I wrote a similar post to this one here.

I’m participating in WEGO’s #HAWMC, if you’d like to read more posts from today please search for #HAWMC and check out WEGO’s Facebook page.  Don’t forget to Like Picnic With Ant’s Facebook Page too.  🙂

If you would like to share your story on Picnic with Ants, contact me through the contact form on my About Me – Contact Me Page.

#HAWMC Day 9 – Ideal Place

Today is Day 9 of #HAWMC (WEGO’s Health Activist Writers Monthly Challenge).  The prompt today is:

Happy Hump Day! No denying life can get hectic, but let’s take a mid-week break to fantasize our ideal day! Would you go somewhere? Who would you spend it with? Have you had this day? If not – how could you make it happen?

 

There would be a lot of steps to creating my 100% ideal day.  Any one part alone would be a pretty darn good day, but put them all together and I’d have the day to end all days.
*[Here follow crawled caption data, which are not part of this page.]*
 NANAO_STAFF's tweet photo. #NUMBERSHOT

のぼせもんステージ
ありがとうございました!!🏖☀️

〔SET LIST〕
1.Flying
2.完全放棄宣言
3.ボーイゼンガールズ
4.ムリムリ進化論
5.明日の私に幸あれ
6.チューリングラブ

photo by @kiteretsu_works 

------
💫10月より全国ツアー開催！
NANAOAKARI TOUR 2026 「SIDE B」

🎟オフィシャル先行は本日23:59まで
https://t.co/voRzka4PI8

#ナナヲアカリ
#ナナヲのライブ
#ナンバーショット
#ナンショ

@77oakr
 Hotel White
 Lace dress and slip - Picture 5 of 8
Wait!  There are 2 different kind of days that I dream about. Both require the same beginning requirements:

First I’d wake up with no pain, then I’d notice that my head did not feel the slightest bit off balance.  After I got over the initial shock of this, I’d dance around the room a bit, doing a pirouette for the first time in years.   Suddenly I could hear better with my cochlear implants.  I could understand a group of people if I wanted.  I could talk on the phone.  Speaking of which, on my ideal day, I’d call my best friend and talk for an hour or so.  (I’d sneak in a visit, but I only have one day, sorry love.)
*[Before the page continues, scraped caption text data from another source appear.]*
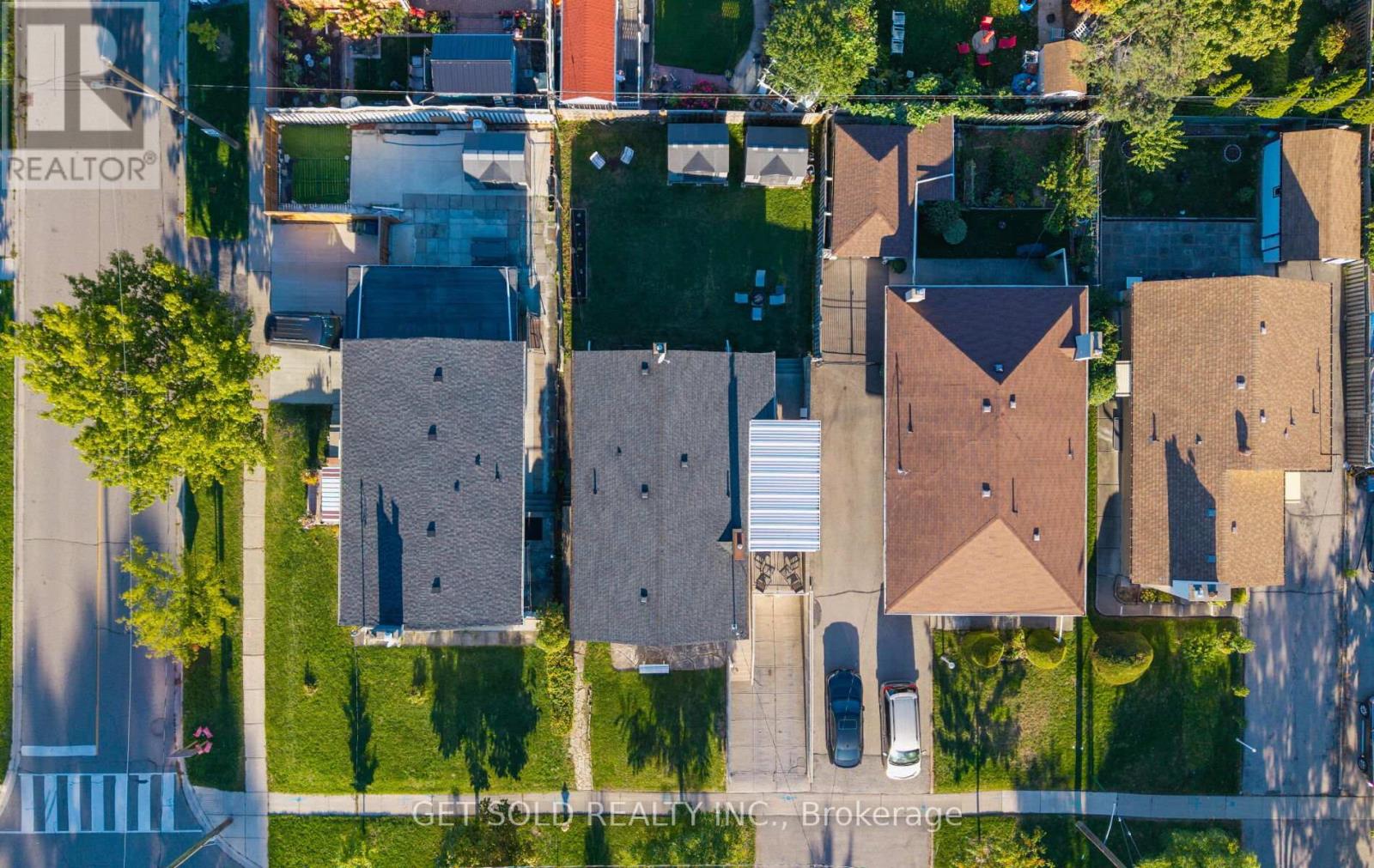 39 Pakenham Drive, Toronto, Ontario  M9W 4B2 - Photo 46 - W12578010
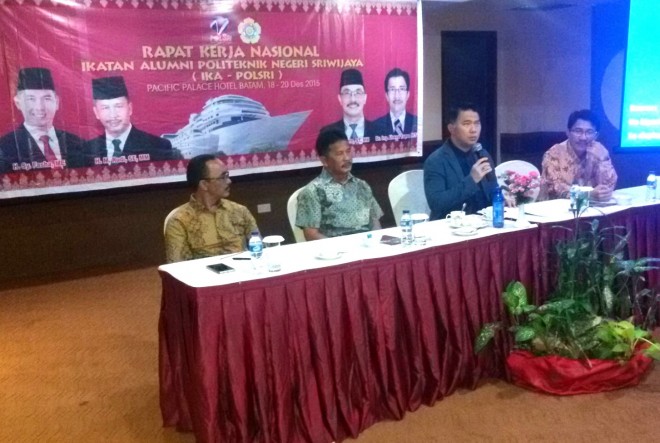 Walikota Jambi sedang Memimpin Rakernas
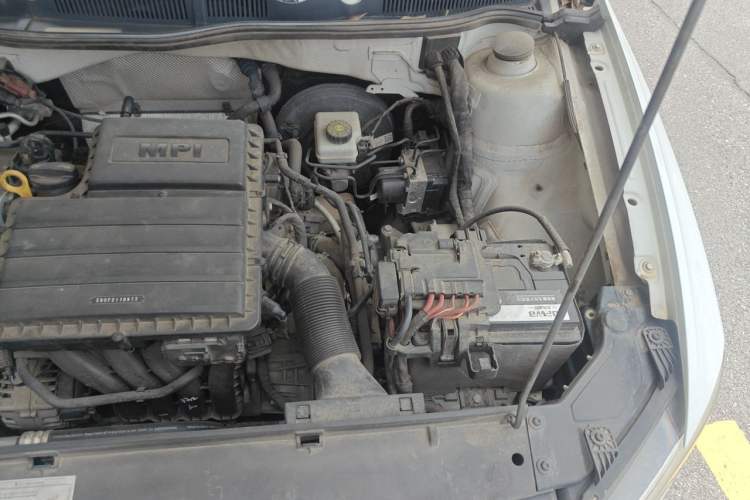 Used Volkswagen Bora 2018 1.5L Automatic Comfort Model Engine Bay Left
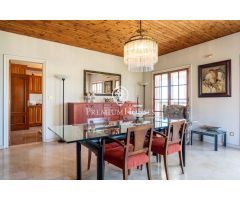 Casa con terreno edificable en Vall de lArrabassada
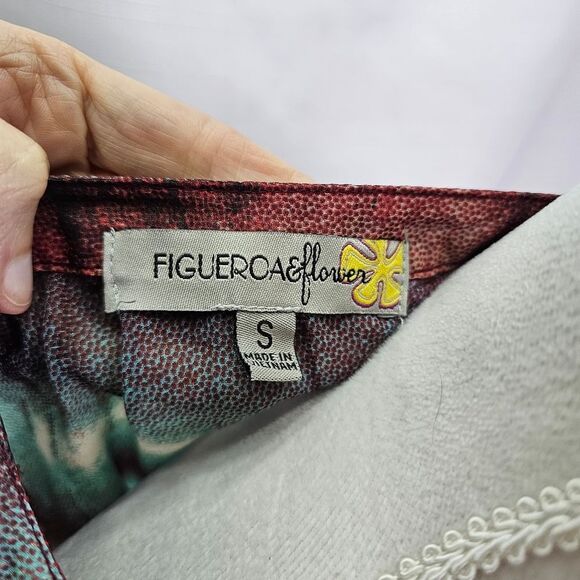 Figueroa & Flower Tiered Abstract Button Front Blouse Size Small - Picture 7 of 10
Okay right now I’m just marveling at the fact that my head doesn’t hurt.  My head has hurt every day since I was 11 years old.  My neck doesn’t hurt, the degenerative discs have made just holding my head up a challenge some days.  All my aches and pains, gone!  What a day!

Turning my head I don’t have to brace myself because I don’t feel dizzy.  I don’t remember not feeling dizzy.  Suddenly I’m not afraid.  I know I have this day.
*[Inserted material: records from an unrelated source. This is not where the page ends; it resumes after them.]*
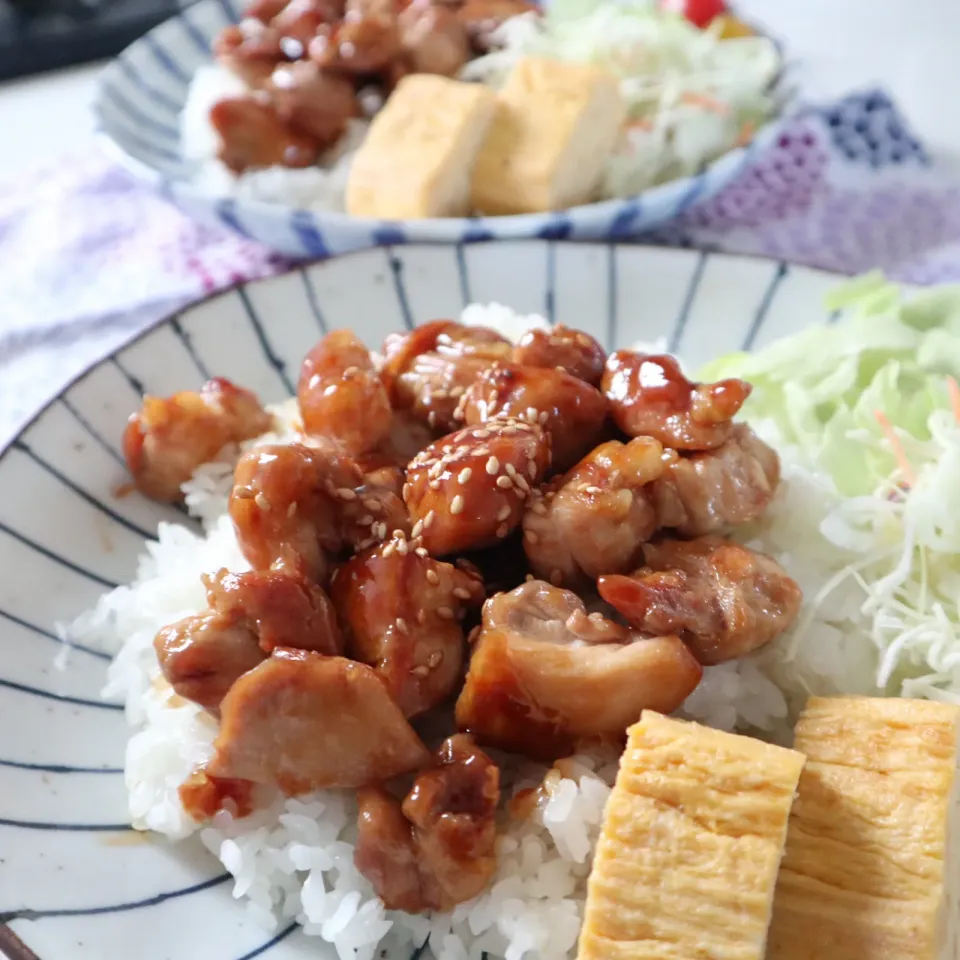 Snapdishの料理写真:中学生男子置きランチ11日目🍱焼き鳥丼|なかじー。さん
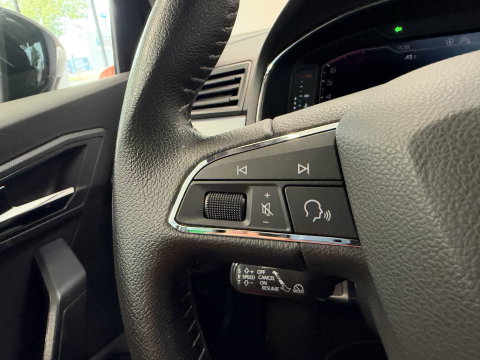 SEAT Arona 1.0 TSI Style Business Intense Plus Cruise/Climate Automaat Trekhaak NAP!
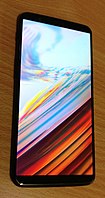 Vorderseite des OnePlus 5T: 2:1-OLED-Display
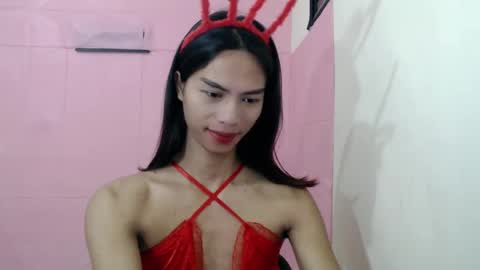 Snapshot of camilla_xxx chatting on December 20, 2024, 1:47 am Camilla online show from December 20, 2024, 1:47 am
This is where my 2 days diverge.

beachwendy

photo by jenn dorff

One day is spent on a beach with my husband, just relaxing, building sand castles, riding bikes, walking, swimming, riding the waves, and drinking tropical drinks.  Heck, just lying there drinking tropical drinks would be a dream.  I’d love to end that day in my husband’s arms making love, without pain.  That would be my ideal day.

cleaning-clip-art-pi5xggeib

click here for source

My other ideal day would be spent cleaning my house and cooking.  On my ideal day I would not get tired I’d be able to really clean my house and cook a fantastic meal.  I really miss being able to do these things.  I know it sounds silly.  Why would I want to spend my ideal day scrubbing my house?   It’s something I can’t do now that I really want to do, that’s why.  But I’d end the day the same way I ended the first day.  Making love with my husband, without pain.  Something I haven’t ever done.

Either of those would be ideal days for me.

What would be your ideal day?  Would it be anything like mine?